Seems paradoxical, doesn’t it? But my parents came from worlds completely different from mine, and making them understand mine was… well, if not always an exercise in futility, at least frequently not worth the tremendous effort. Plus, they tended to forget things within minutes after you’d told them, and they were prone to promise things and never deliver.
Thus, better not to say anything and get my hopes up. Whatever they thought to get would have to be fine.
They did OK, most of the time.  But I never told them about the things I really, really wanted. And thus my mother was astonished to hear, when I was in my fifties and she was past seventy, that I’d wanted a Vespa from the first day I’d seen it in the Sears store. What good would it have done to tell her? Besides the fact that I was eight years old at the time, the Vespa (“our finest motor scooter”) cost over $300 and it might as well have been three million bucks for all my parents could have afforded something like that. So, it took me 44 years to get the Vespa and surprise the dickens out of my mother.

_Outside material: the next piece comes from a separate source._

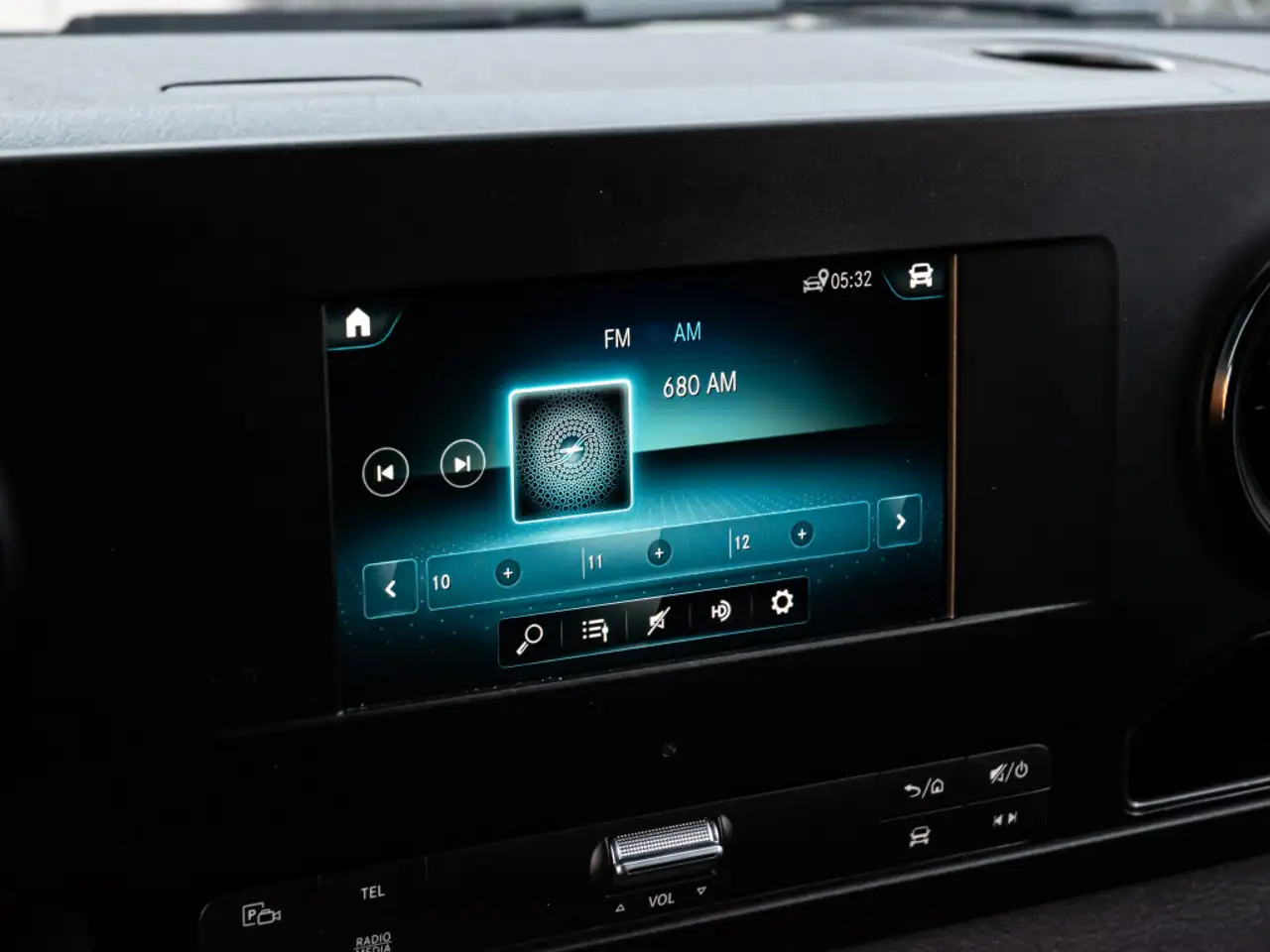 Mercedes-Benz Sprinter - Image 18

In some ways, not telling people what I wanted was just an act of self-preservation. My father tended to laugh at things that were outside his own focus, or that seemed to him to be unsuitable for girls to be wanting. It’s hard for a kid to want something that your parents think is laughable.  My dad was the kind of guy who would buy me men’s socks with black and red bands around the top, to wear to school. He meant well. I rolled down the tops of the socks.

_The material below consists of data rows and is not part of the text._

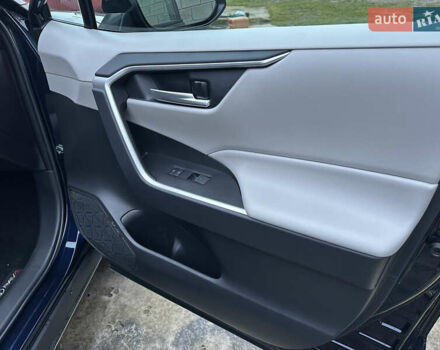 Синий Тойота РАВ 4, объемом двигателя 2.5 л и пробегом 1 тыс. км за 29700 $, фото 28 на Automoto.ua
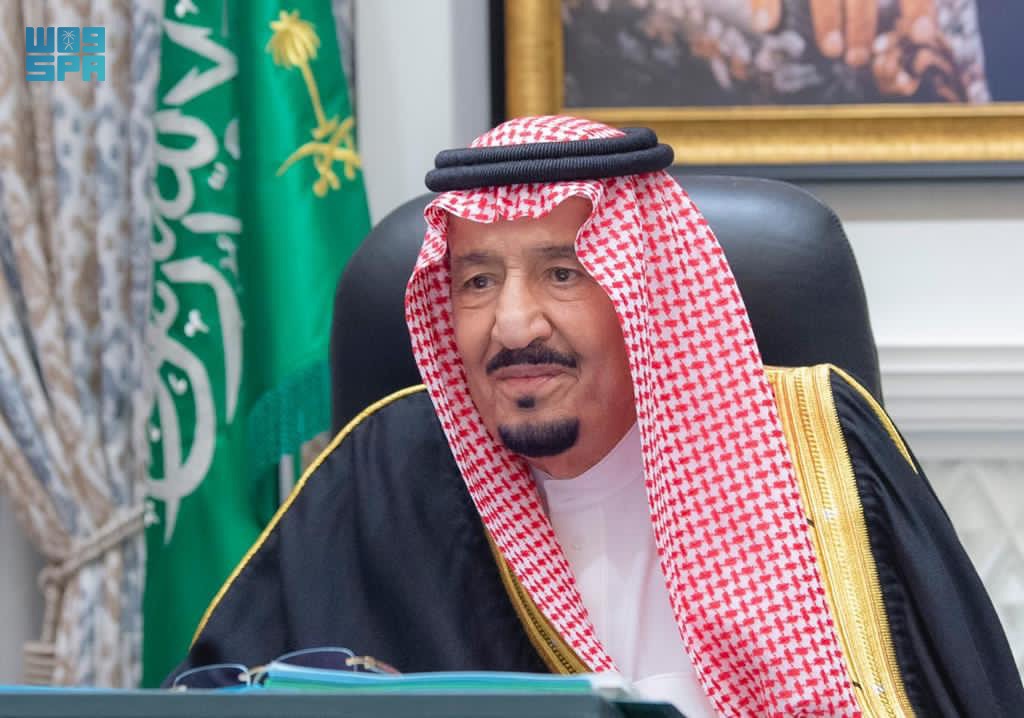 الملك سلمان : ندعو المولى أن يكون العيد مناسبة لتجاوز الآلام والنهوض مما حل بالعالم كله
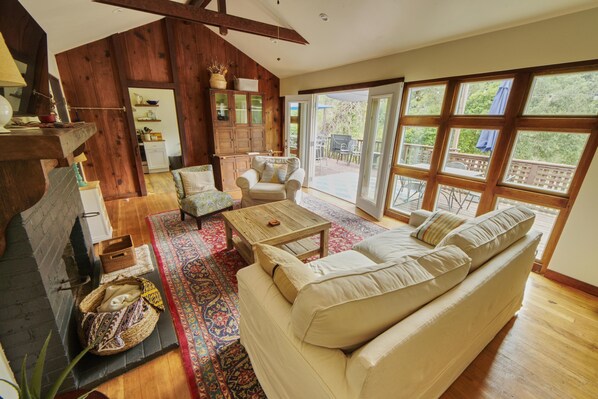 Main level living room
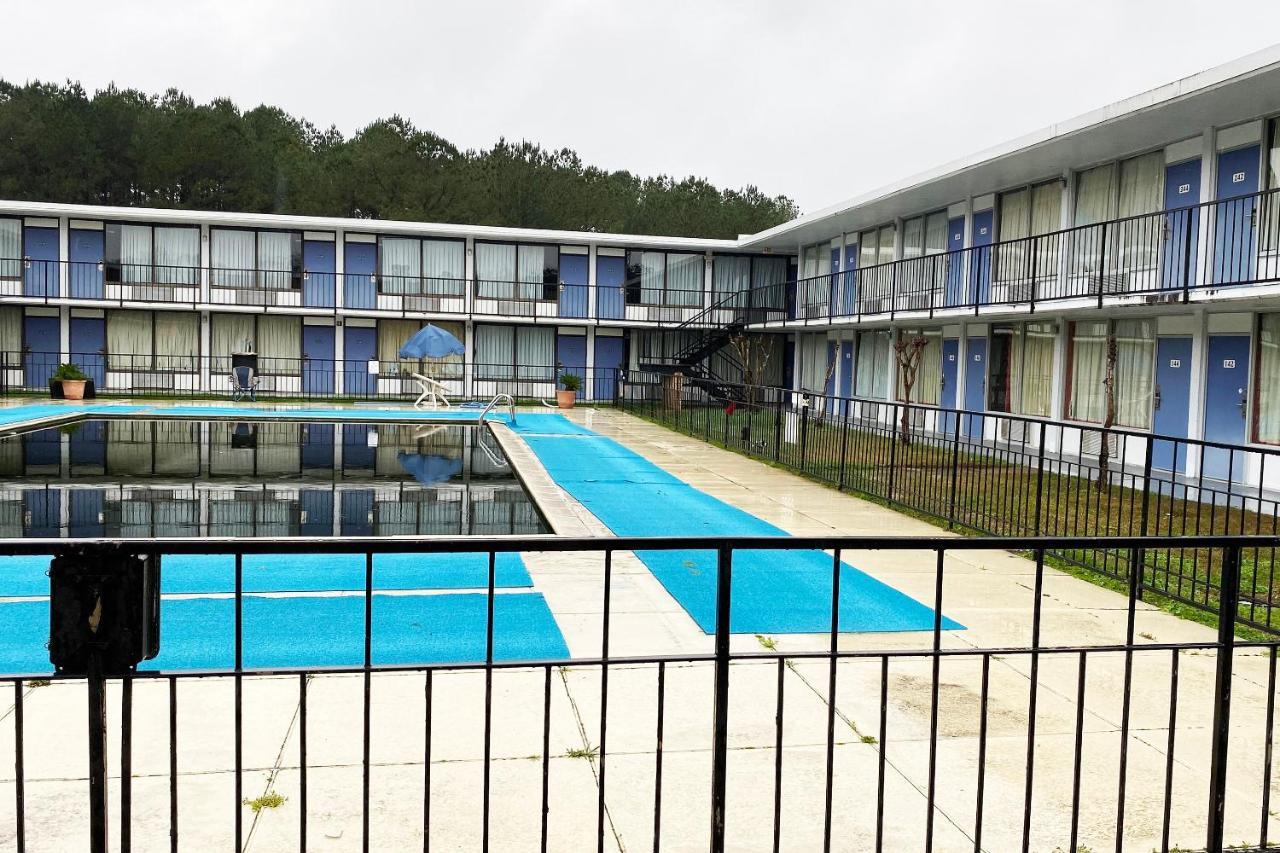 Landmark Hotel Leesville Esterno foto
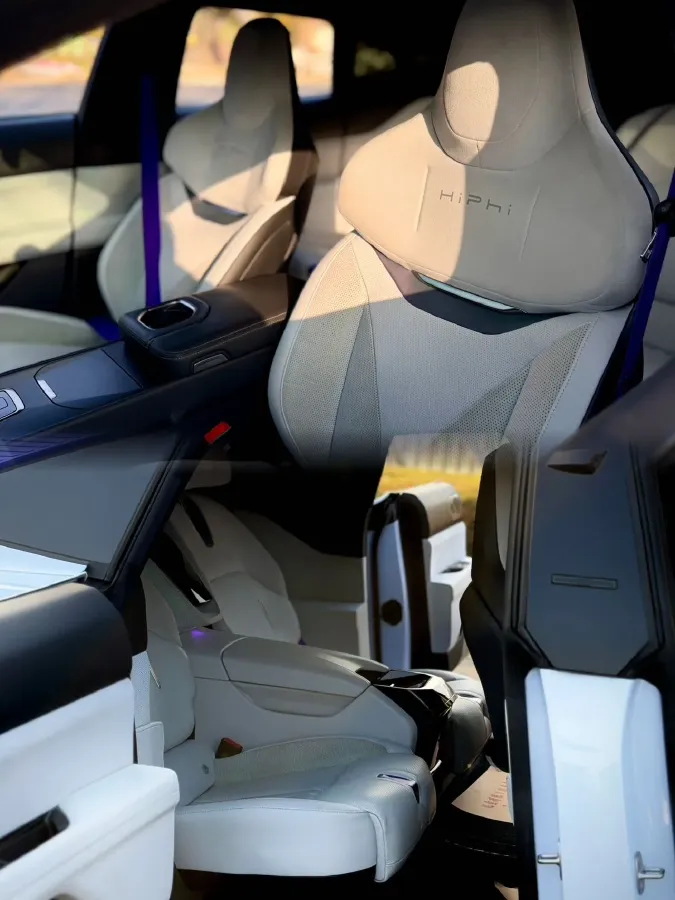 2023 HiPhi Z BEV 120KWH,autocango,china used car exporter,china ev exporter,chinese used car exporter,chinese used ev exporter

The first really “feminine” present he ever bought me, was a small bottle of Imprevu perfume when I got the second-highest score in the school on the National Merit test. I still have that bottle, perfume long since gone, carefully packed away as a reminder of something more than special.
But getting into a habit of silence like that isn’t good, in the long run, because then you feel uneasy about revealing what you’d like. Oh, the Amazon wish list makes it a bit easier, to be sure (and I go through mine on a regular basis and even buy myself stuff that’s on it from time to time) but not every place that has stuff that I covet has a wish list. So far, Amazon and the Duluth Trading Company are the only ones I’ve made. And after all these years I can’t just march up to my family and hand them a bunch of catalogs with stuff circled. I wish I could. But I can’t.
So I’m still being happy about whatever they pick. Sometimes that’s easy, sometimes not. And I just buy myself the stuff I really covet, now and again, when the time seems right.